Анатомия призраков - стр. 39

– В книге было пари о платане.

Ричардсон хихикнул:

– Члены совета нашего колледжа не в состоянии равнодушно пройти мимо дерева. Упомянутый платан – из Геродота. Царь Ксеркс восхитился им и приказал украсить золотом.

– Это Длинный пруд? – спросил Холдсворт.

– Да.

Джон подождал, но Ричардсон не упомянул о теле, которое нашли в нем в начале года.

Пруд изогнулся влево, и дорожка привела их к калитке в ширме из кованого железа. Ричардсон отпер замок, и они вошли.

– Это Сад членов совета, – пояснил он. – Древние назвали бы его hortus conclusus.

– Огороженный сад?

– Именно. Огороженный и укрытый. – Голос Ричардсона стал таким тихим, что собеседнику приходилось напряженно прислушиваться. – Колледж сам становится крепостью по ночам, когда запирают ворота. Но здесь, в Саду членов совета, мы огорожены дважды и оттого дважды защищены. Посмотрите налево, дражайший сэр, сквозь то отверстие среди ветвей на противоположном берегу. Это личный сад доктора Карбери. Он тянется отсюда до самого Директорского дома.

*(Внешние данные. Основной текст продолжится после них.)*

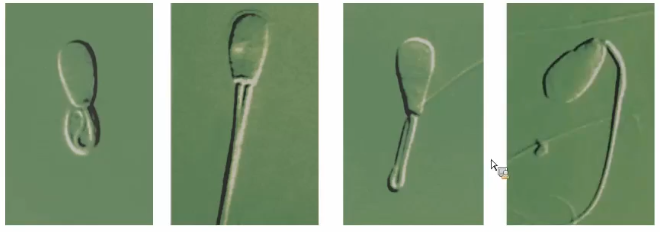 <p>What are some types of tail abnormalities of sperm?</p>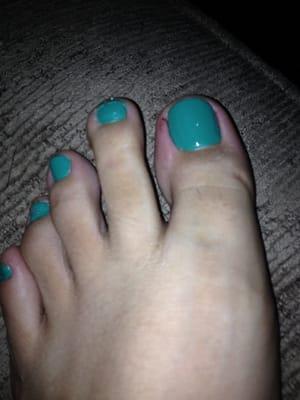 My toe a day after a painful pedicure... Seriously worried it might get infected.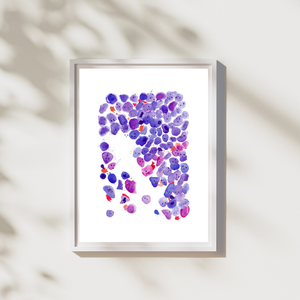 Acute Myeloid Leukemia Art Print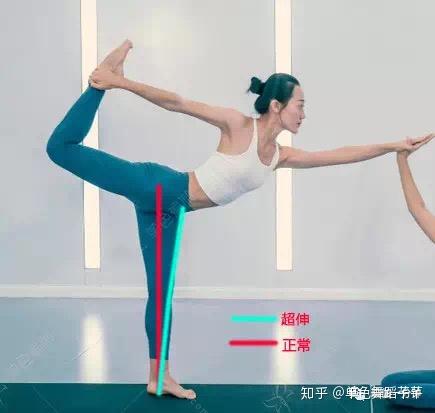 膝盖超伸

Холдсворт вгляделся в прореху на дальнем берегу. Прямо перед ним светилось окно на втором этаже. Оно было открыто, и звуки взвинченных мужских голосов слабо доносились сквозь недвижный ночной воздух. Ричардсон застыл, как пес, почуявший дичь.

Пока они наблюдали, у окна появилась фигура. Холдсворт разглядел лишь неясный силуэт, окутанный сиянием свечей, но фигура почти наверняка принадлежала доктору Карбери. Рама неохотно поползла вниз и ударилась о подоконник со звуком, похожим на стук молотка.

Карбери задернул занавеси. Свет погас.

– А! – Ричардсон медленно выпустил воздух. – Теперь вокруг совсем темно.


– Джорджи? Джорджи?

Голос привел Холдсворта в чувство. Мария. Первая мысль, мгновенно подавленная.

Еще не рассвело. «Я сплю?» Было слишком жарко, тело запуталось в постельных принадлежностях. Во рту пересохло, что неудивительно после такого обилия вина за ужином. И к тому же Джон прекрасно ощущал еще один источник неудобства, столь же постыдный, сколь и настоятельный. Твердый как камень.

– Джорджи? Иди к маме.

«Надо мыслить аналитически, – подумал он, – ведь я не животное».

В последнее время жена возвращалась к нему во сне чаще, чем сразу после смерти. Иногда в воздухе висело только эхо ее голоса или запах… или даже болезненно зияющая полость, как будто она только что была здесь. Или не здесь, смотря как посмотреть. В том-то и суть: это не она была или не была здесь, а олицетворенная пустота… нечто вроде замкнутого ничто, тоски по тому, чего более не существовало, по крайней мере в этом мире.

И все же… имя можно дать всему, даже иррациональному чувству. Почему бы не назвать его Марией? Пусть это будет чем-то вроде философского обозначения.

Холдсворт попытался повернуться в кровати, но одеяла по-прежнему крепко удерживали его. Безуспешные попытки вырваться только оказывали сладостно неловкое давление на его membrum virile[10].

«Любимая, прости мое отвратительное поведение».

Где-то между явью и сном Джон почувствовал присутствие Марии. Ему показалось, что он увидел ее силуэт, всего на мгновение, тень среди теней между кроватью и окном, но чуть темнее, чем окружающие тени.

Холдсворт дышал слишком часто и не мог вдохнуть достаточно воздуха. Он попытался замедлить дыхание, но нечто более сильное, чем его воля, напротив, лишь ускорило темп. Вскоре его ночная рубашка промокла от пота. Он никак не мог унять дрожь.